“Em causa própria
Por Eliane Cantanhêde
O Congresso Nacional já está
levando palmadas da Lava Jato, broncas da opinião pública e notas baixas nas
pesquisas, mas aproveita o recesso para fazer mais peraltices. Como o Estado
vem antecipando, os parlamentares tentam usar a reforma política e a reforma do
Código Eleitoral para favorecer os alvos da Justiça, do Ministério Público e da
Polícia Federal.
Um dos exemplos mais lustrosos é
a tal “emenda Lula”, que aumenta de 15 dias para oito meses o prazo em que os
candidatos às eleições já de 2018 não podem ser presos, a não ser em flagrante
delito. Oito meses é uma eternidade. Principalmente para cometer crimes
impunemente.
Quem assume a ideia é o relator
da comissão especial da reforma política, deputado Vicente Cândido (PT-SP), e
fica evidente a intenção de garantir duas blindagens para o ex-presidente Luiz
Inácio Lula da Silva, o único nome que os petistas de fato consideram para
2018. De um lado, dificultaria a prisão de Lula. De outro, garantiria a sua
candidatura.
O argumento de Vicente Cândido é realista:
caso aprovada, a mudança não beneficiaria apenas Lula, mas dezenas, ou
centenas, de candidatos que estão com a PF, o MP e a Justiça no cangote. Logo,
ele prevê um acordão para a votação em plenário. E nós, o que prevemos? Que
haverá dezenas, ou centenas, de candidatos pintando e bordando por aí, ilesos.

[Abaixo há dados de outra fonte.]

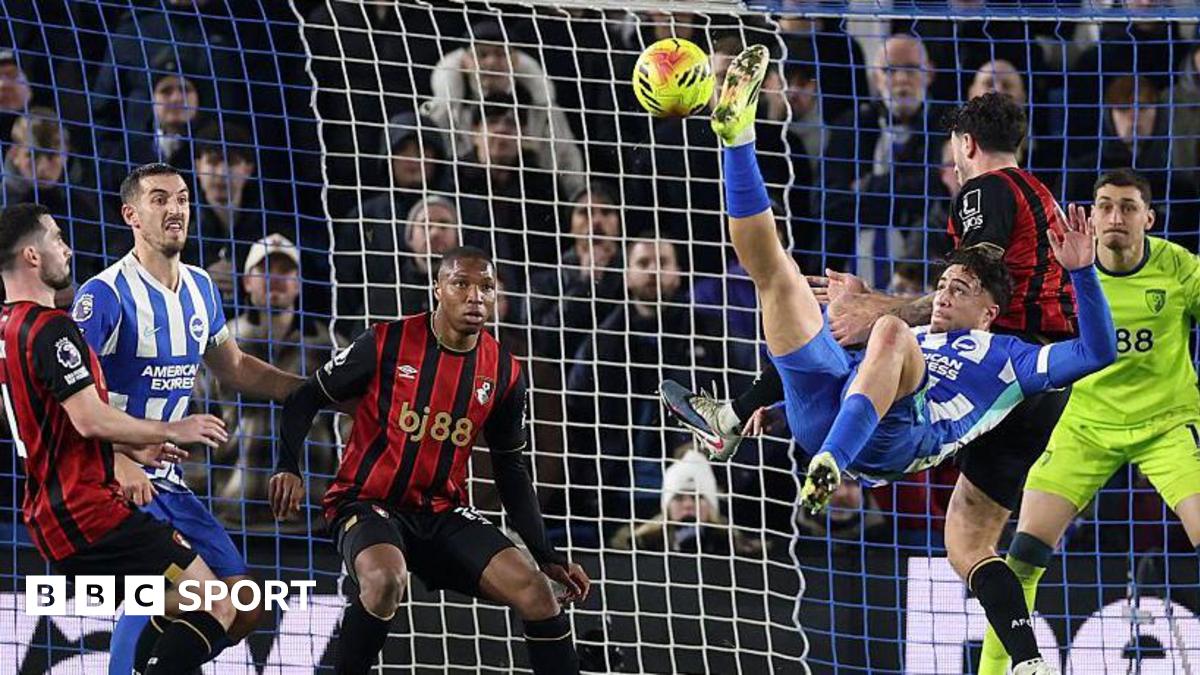 Brighton 1-1 Bournemouth: Kostoulas overhead kick earns point for hosts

A outra bondade coletiva gestada
no Congresso, conforme o Estado de ontem, é numa outra comissão, a do Código de
Processo Penal. Se nunca aprovou e até articulou estraçalhar as dez medidas
anticorrupção sugeridas por procuradores, a Câmara agora tenta partir para cima
de três pilares da Lava Jato: a delação premiada, a prisão preventiva e a
condução coercitiva.
O relator é o deputado João
Campos (PRB-GO), que pretende apresentar seu parecer em agosto, para votação em
plenário já em outubro. Isso, claro, é só uma esperança dele e dos interessados
diretos, que temem justamente as delações, prisões e conduções coercitivas. É
improvável, porém, que haja clima para passos tão ousados na contramão da
opinião pública.
Além dessas mudanças, há outras
no Congresso sob encomenda para favorecer os próprios parlamentares. Exemplo: o
projeto de parcelamento e perdão de dívidas tributárias e previdenciárias. Pois
não é que os deputados e senadores que vão votar esse negócio de pai para filho
devem R$ 532,9 milhões à União? Se isso não é legislar em causa própria, é o
quê?
Essas iniciativas caracterizam o
típico corporativismo, ou espírito de corpo, já que a maioria dos partidos
(incluindo todos os maiores) e grande parte da Câmara e do Senado são atingidos
pela Lava Jato e temem as novas delações que estão sendo negociadas
principalmente com a Procuradoria-Geral da República, mas também com a Polícia
Federal – caso do publicitário Marcos Valério, pivô do mensalão.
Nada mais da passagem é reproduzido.